Data, Methods, and Key Metrics
To place these objects on a robust statistical footing, we combine our measurements with previous work in a Bayesian hierarchical framework. Across a sample of 26 binary systems hosting short-period, small-radius planets (rp < 5 R⊕), we compare different models for the distribution of ΔIlos. The models include a single Rayleigh distribution and mixture models that allow for a second, distinct population: a two-component Rayleigh and a Rayleigh–isotropic mixture. Model comparison via log evidence strongly favors the mixture scenarios (logZ ≳ 13.9, about 5σ), indicating that the observed ΔIlos values likely arise from two underlying populations rather than a single, continuous process.
Quantitatively, the aligned component exhibits a small dispersion (σ1 = 2.4° with uncertainties roughly +0.7/−0.9°), suggesting a population of planets whose orbits are closely aligned with their binaries. The second, more broadly distributed component shows a much larger dispersion (σ2 ≈ 23.6° with +8.8/−7.1°), consistent with substantially misaligned configurations. An isotropic interpretation of the misaligned population yields a comparable description, underscoring that the dichotomy may reflect distinct dynamical histories in the planet–binary container.

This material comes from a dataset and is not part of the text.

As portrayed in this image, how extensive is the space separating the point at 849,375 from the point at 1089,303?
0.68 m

A Dichotomy in Orbital Alignment
The two-population result reveals a striking dichotomy in orbital architecture. In practice, about half of the transiting planets in binaries appear closely aligned with the binary plane, while a significant fraction exhibit substantial misalignment. This split cannot be easily explained by a single formation pathway and points toward multiple dynamical channels, including gentle disk remnants preserving alignment and later gravitational perturbations that tilt planetary orbits relative to the binary plane.
Interestingly, the misalignment signal is not universal across all systems. When examining physical scales, the misaligned population emerges predominantly in binaries with stellar periastron distances greater than roughly 40 AU. In contrast, systems with closer-in or more eccentric stellar companions (periastra < 40 AU) tend to preserve planet–binary alignment, suggesting that proximity and orbital eccentricity of the companion can either damp or promote dynamical torques that reorient planetary orbits.

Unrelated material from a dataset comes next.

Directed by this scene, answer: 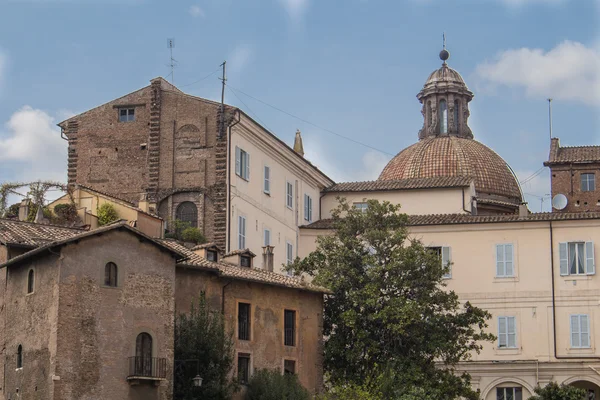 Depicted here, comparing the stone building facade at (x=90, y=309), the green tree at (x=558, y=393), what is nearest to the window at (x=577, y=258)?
the green tree at (x=558, y=393)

Implications for Planet Formation and Evolution
The observed dichotomy offers a window into how planets form in complex, multi-star environments. The presence of a tight, aligned population implies that disk-fed formation can proceed in a quasi-coplanar fashion relative to the binary, at least for certain orbital configurations. The misaligned cohort points to episodes of dynamical stirring—possibly through secular interactions or planet–planet scattering—that tilt planetary orbits after formation. The dependence on periastron distance hints that the dynamical history of each system is shaped by the gravitational reach of the binary, affecting disk evolution, planetesimal accretion, and long-term stability.
By focusing on small, transiting planets with radii below 5 R⊕, the study hones in on a regime where dynamical perturbations are particularly revealing. The results complement earlier findings on giant planets in binaries and extend the narrative to a population that is abundant in the TESS era. They also provide a framework for predicting which binary configurations are more likely to host aligned or misaligned planetary systems, guiding future observational campaigns.

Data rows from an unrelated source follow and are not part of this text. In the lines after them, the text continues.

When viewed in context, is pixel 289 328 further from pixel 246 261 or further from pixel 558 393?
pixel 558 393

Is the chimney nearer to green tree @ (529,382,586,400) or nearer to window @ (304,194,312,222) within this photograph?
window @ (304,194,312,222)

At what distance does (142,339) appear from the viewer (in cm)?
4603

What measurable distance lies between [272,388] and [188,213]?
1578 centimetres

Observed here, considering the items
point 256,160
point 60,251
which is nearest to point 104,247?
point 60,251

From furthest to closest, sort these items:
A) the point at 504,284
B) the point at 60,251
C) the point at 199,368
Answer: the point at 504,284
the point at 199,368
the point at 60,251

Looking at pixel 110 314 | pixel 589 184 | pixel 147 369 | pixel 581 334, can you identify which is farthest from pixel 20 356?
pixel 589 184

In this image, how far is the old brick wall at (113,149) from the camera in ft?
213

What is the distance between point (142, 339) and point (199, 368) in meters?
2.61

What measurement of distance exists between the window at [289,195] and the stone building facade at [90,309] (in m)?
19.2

Conclusions and Future Work
Transiting Planets in Binaries II uncovers a clear two-population signature in the mutual inclinations between planets and binary companions. Whether through a predominantly aligned channel or a more dynamically excited one, the architecture of these systems reflects their formation histories and the gravitational choreography dictated by their stellar partners. Ongoing and future surveys, combined with refined dynamical modeling, will sharpen the estimates of ΔIlos and reveal how common each pathway is across the galaxy.
Notes on Data and Collaboration
The analysis synthesizes a broad set of observations and includes 12 systems with 3D orbital solutions, among them 26 binaries suitable for the hierarchical modeling described above. The work is a collaborative effort across multiple institutions and draws on TESS, Hipparcos, and Gaia astrometry to map planetary systems in the cosmos.